Hulk a écrit :Mais je suppose qu'ils doivent se planquer quand on approche, comme tes Lestradea.
Pire, le mâle Ectodus ne se pare de ses plus belles couleurs (dorsale et caudale dorées, et pelviennes toutes noires) que quand la pièce est presque dans le noir (par exemple quand il ne reste plus que le filtre UV)
Le spectacle est magnifique mais impossible à prendre en photo, même en 1600 iso.
Mais revenons aux Lestradea.
Le mâle n'a aucune envie de prendre la pose du dragueur invétéré (j'ai eu beau lui expliquer que c'était pour toi, rien à faire), il est plutôt d'humeur terrassière.
Je prends une bouchée de sable dans la cuvette...
...je fais un tour sur moi-même (toujours dans le sens des aiguilles d'une montre, un maniaque?)
...et je recrache sur le bord.
Nous maintenons donc 5 Lestradea: 3 mâles et 2 femelles dans un 450 litres avec un couple de N. brevis "Congo". Le mâle brevis est clairement le dominant du bac, rien à voir avec un timide "Chimba". Il se balade la plupart du temps en pleine eau avec les Lestradea, et quand ça lui prend il fait une attaque pour bien montrer qui est le chef.

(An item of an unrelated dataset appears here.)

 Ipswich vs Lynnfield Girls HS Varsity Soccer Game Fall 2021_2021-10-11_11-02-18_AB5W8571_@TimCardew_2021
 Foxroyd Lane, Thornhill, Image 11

Par contre, quand les Ectodus étaient avec eux, les Lestradea avaient pris le dessus (bonne entente interspécifique mais plus de repro d'Ectodus)

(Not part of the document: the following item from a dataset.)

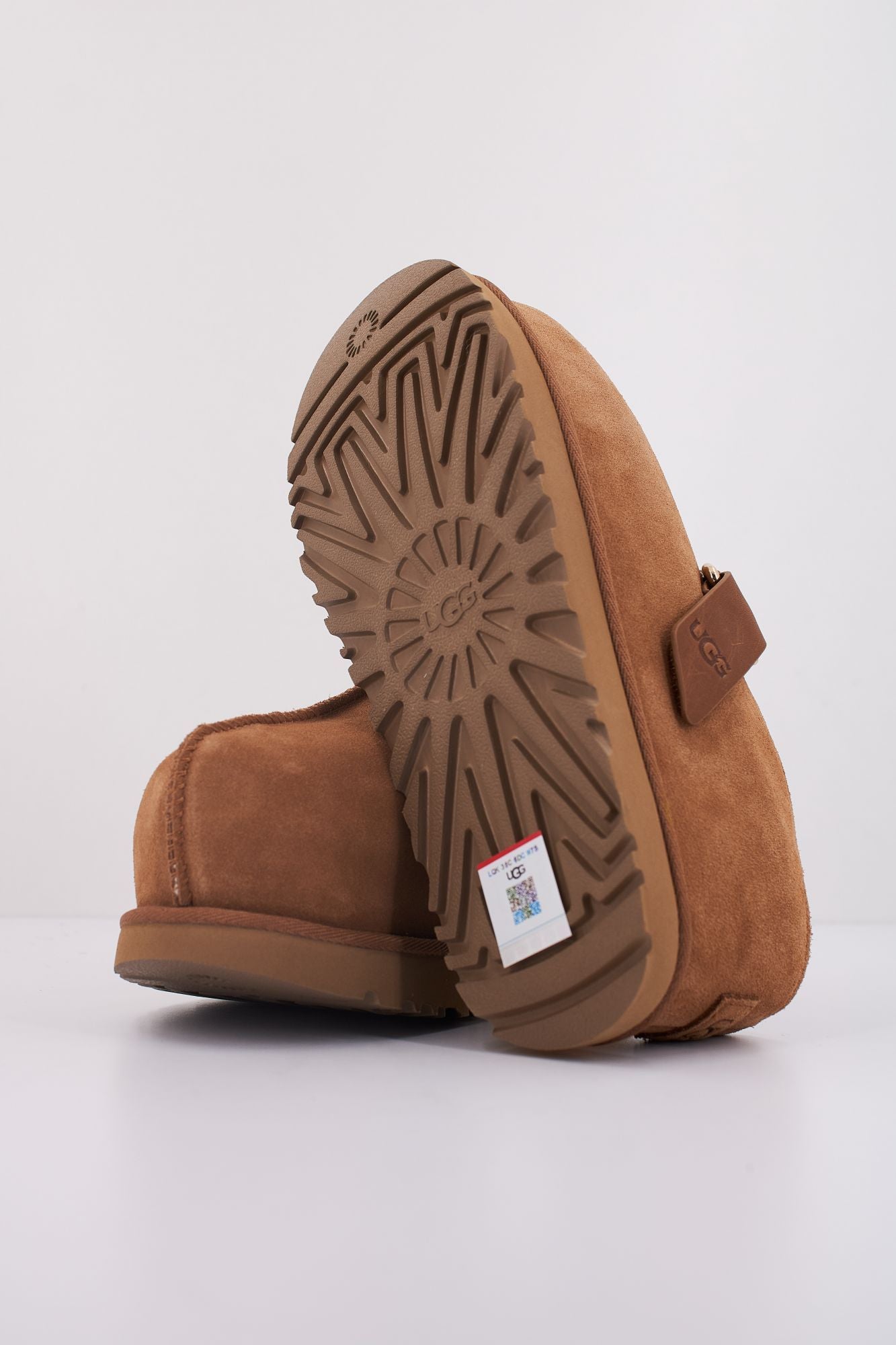 UGG W GOLDENSTAR HI CLOG en color MARRON (5)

Les mâles Lestradea sont tour à tour dominants, ce qui laisse à penser que les petits ne sont pas toujours du même père. Régulièrement, on constate que c'est un nouveau mâle qui a pris la tête de la hiérachie et s'occupe du cratère, les autres mâles se mettant en retrait avec les femelles sur le territoire du brevis.

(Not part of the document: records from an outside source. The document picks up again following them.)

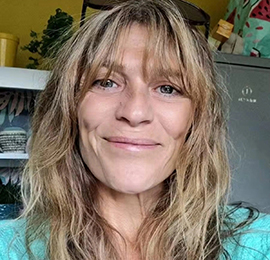 Luna - Pin 700677- specialises in tarot, psychic, clairvoyant, angel-cards, spirit-coach, runes, astrology readings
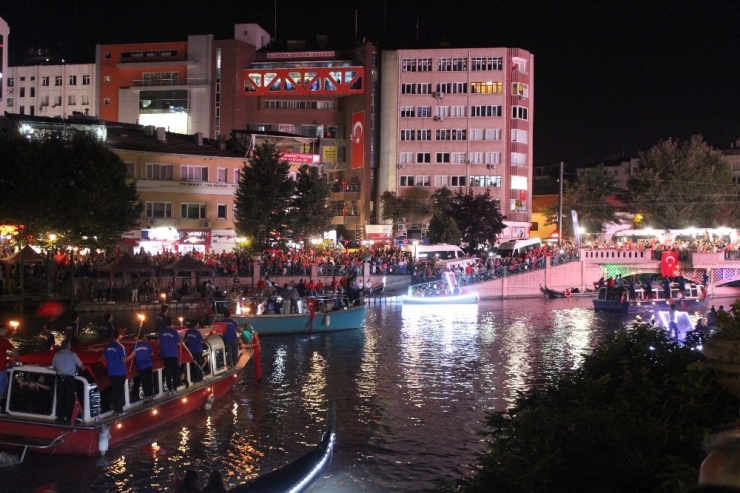 Porsuk Çayı’nda Teknelerle Fener Alayı Geçidi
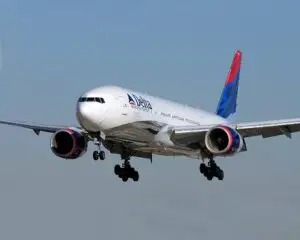 Delta Air Lines va concedia 4.000 de angajaţi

Les mâles ont les nageoires joliment colorées de bleu et de jaune (et de noir en période de frai), les femelles restent gris sardine, avec juste la dorsale colorée de jaune orangé.
C'est un poisson très intéressant à observer, tout comme Ectodus, à une condition: beaucoup de place. Je pense que ces espèces requièrent justement ce type de maintenance: du volume avec peu de poissons (enfin surtout peu d'espèces)
Un bac monospécifique ou pas loin.
Donc nous ne rajouterons pas d'autre espèce avec eux, mais des jeunes qui viendront grossir le groupe.
Ils ne sont pas spécialement farouches, d'autant qu'ils sont dans un bac du bas, et ne fuient pas à notre approche (ni à celle de l'objectif)
Le cratère du Lestradea est différent de celui d'Ectodus: il ne trie pas les différentes granulométries, creuse un cratère profond et l'adosse à une vitre ou à une pierre.
Alors qu'Ectodus fait un cratère beaucoup moins profond (à peine quelques cms) mais plus travaillé: il n'est fait que de sable très fin, trié patiemment. Ectodus, lui, centre son cratère de façon à ce qu'il décrive un cercle entier.